Up to this decision, Romain had led a very public and glamorous life; at 31 he was one of Paris' most celebrated fashion photographers. One morning he has a fainting spell and goes to the doctor, to be told that his insides are lacerated with cancer cells and he has only a couple more months to live.
"You're young," the doctor tells him. "You can fight this." He suggests chemotherapy, but Romain rejects this, and from here concentrates his efforts on preparing for death. He begins by going over to his parents' for dinner and spending time with the family. He then kicks his lover out (the only reason he gives is "I don't want you around anymore"), but later pulls strings to get his ex a good job. He reconciles with his sister with whom relations had always been rocky. He quits his job. And all this time, he tells no one of his condition, with the exception of his aging grandmother (an absolutely wonderful Jeanne Moreau) on whom he pays a visit: "We have something in common, you and I. We're both going to die soon."
The scene between the pair is an exquisite sequel, and astonishing when one considers that Ozon is just 38. He already seems to grasp most of the secrets and all of the answers about love, sex and maturity.
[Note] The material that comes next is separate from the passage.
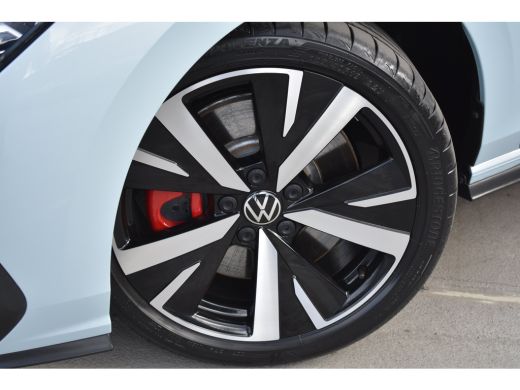 Volkswagen Golf 1.5 TSI 272PK eHybrid GTE PHEV | VERLGENDE GAARNTIE | PANORAMA DAK | TREKHAAK | HEAD-UP | STOELVE... ActivLease financial lease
When grandmother is getting ready for bed, Romain comes in and asks to sleep with her. "But I always go to sleep naked," she tells him. "That's OK, I won't look," he responds.
When he leaves the next morning he tells her that she is beautiful, and if he were older, "I would have wanted to marry you." Their parting is charged with a tender eroticism, as if they are the closest of couples.
Romain seems to have the gift of sexuality installed in his bloodstream; whomever he happens to be with, be it his father, his sister, his agent -- they will somehow seem like his lover. Later, he tells his doctor (who supplies him with painkillers) how he has dreams of having sex with everyone he knows, and the staid medico winces and flushes as if he has just been seduced. This isn't to say that throughout the story Romain remains above-it-all -- alone at night he repeatedly bangs his head against the wall for it seems there's no other way to alleviate the crushing fear and despair.
Poupaud, who has built his career on playing merciless, pretty-boy roles, comes into his own as Romain, who combines an incredible strength of will with a touching, almost translucent vulnerability. Romain, who had been surrounded by an adoring entourage is alone in the end, having shed most of his earthly possessions, his hair and his weight. One of his last acts is to throw his ringing cell phone into the trash, but the gesture speaks more of liberation and purgation than tragedy or loneliness. There's no disputing that life is beautiful, but according to Ozon so, too, is death.